Sin embargo, la visión patrimonial es mayoritaria. La defienden con agresiva vehemencia los que hablan de “romper España”, como si un país fuera un territorio inmutable. Una parcela, insisto. El mismo juicio merecen quienes reclaman territorios porque en el pasado su antiguo soberano poseyó también esas tierras, o moraron allí personas de su cultura o hablan su misma lengua. Todo es fruto de esa visión patrimonial, que no entiende que un Estado no es más que una organización administrativa, y no un terreno sagrado. De hecho, vincular la religión a la tierra no es más que otro modo -especialmente burdo- de mantener esa visión patrimonial.

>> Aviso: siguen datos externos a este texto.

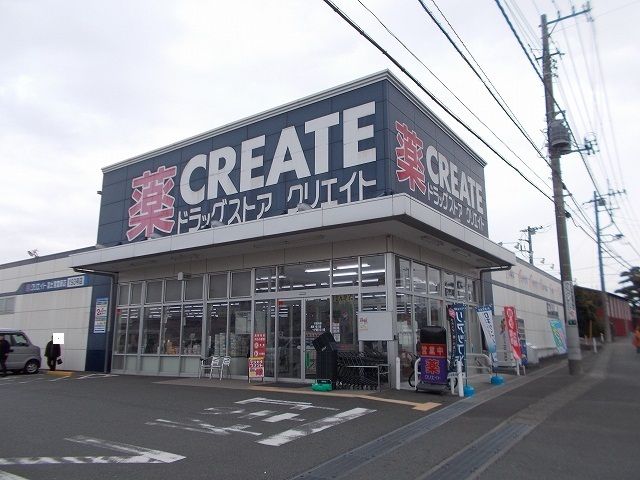 近くのクリエイトＳ・Ｄ富士宮宮原店まで150m（徒歩2分）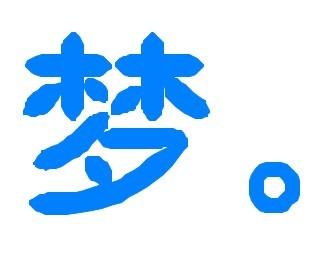这几天老是做鬼梦，是什么原因啊。自己一个人在家好害怕。前几天做了一个梦，啥了个R37 / 作者:mytx1938 / 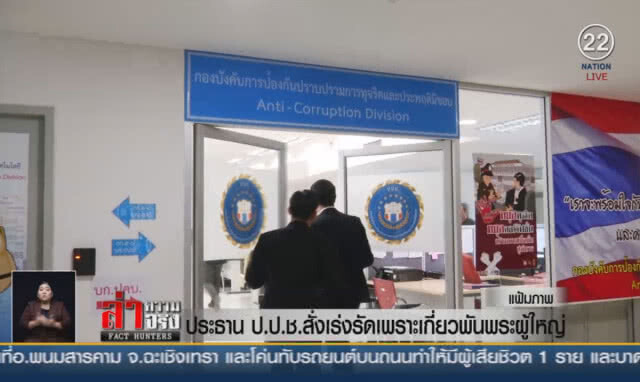 (คลิปข่าว) ประธาน ป.ป.ช.สั่งเร่งรัด เพราะเกี่ยวพันพระผู้ใหญ่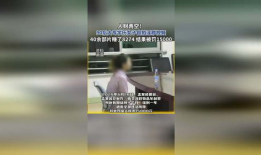 黄色片视频大全,揭秘网络色情内容的真相与危害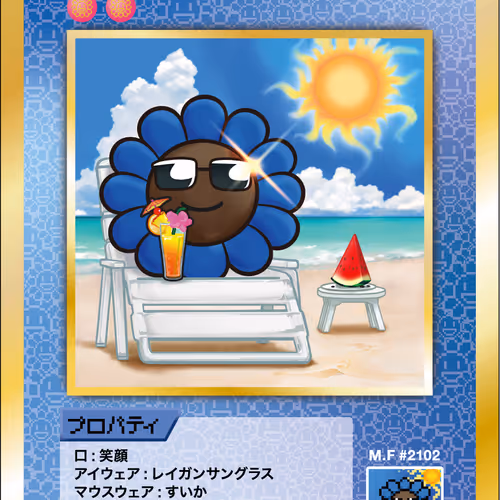108 Flowers Revised Nft Cards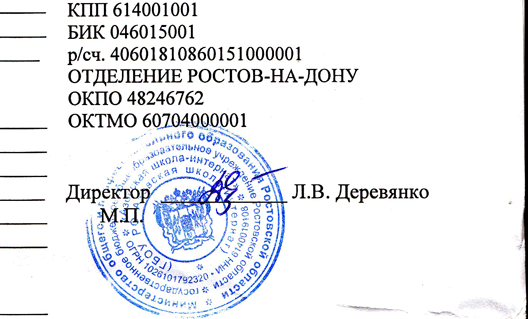 Азовская школа-интернат вдумчиво подошла к проблемам финансирования образования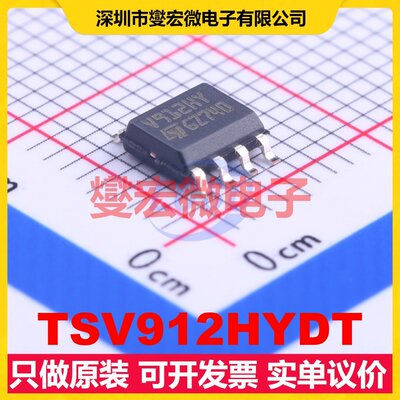 TSV912HYDT SOIC-8 双路运算放大器芯片IC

Otro método consiste en defender la integridad territorial de los estados como un valor en sí mismo, desvinculado de lo único que sería realmente importante: que los territorios no sufran agresiones externas. Con la misma intención solo patrimonial se evocan con nostalgia algunos 'imperios'. Y es que siempre que alguien defiende un 'imperio', lo hace con memoria selectiva. En Europa son populares el imperio romano o griego, y no precisamente tanto el persa o el otomano. Qué decir del imperio ruso, en estos momentos… Y es que, cuando se alaba la memoria de esos imperios, se piensa sobre todo en la propia cultura, o bien en un imperio lejano que nunca agredió al territorio propio. Cuesta representarse que, en estos momentos, en Europa podríamos estar hablando mayoritariamente dialectos del persa antiguo, y no del latín. Los imperios no fueron jamás entidades democráticas, por mucho que algunos dieran más libertad de gestión a sus territorios. Cuando se evocan sus glorias pasadas no se piensa en términos de libertad, sino de una imposición cultural con la que se simpatiza de un modo u otro.
Tal vez sería ya hora de pensar en los estados como estructuras que deben ser intrínsecamente democráticas, sin que se conviertan jamás en cárceles de pueblos. Ninguna población de ningún territorio, por pequeño que sea, debe pertenecer forzosamente a ningún Estado. Todo debería depender de la capacidad de autosuficiencia y de la calidad democrática. Con esas bases sería más sencillo crear estados más grandes con poblaciones voluntariamente adheridas. Es decir, con poblaciones satisfechas.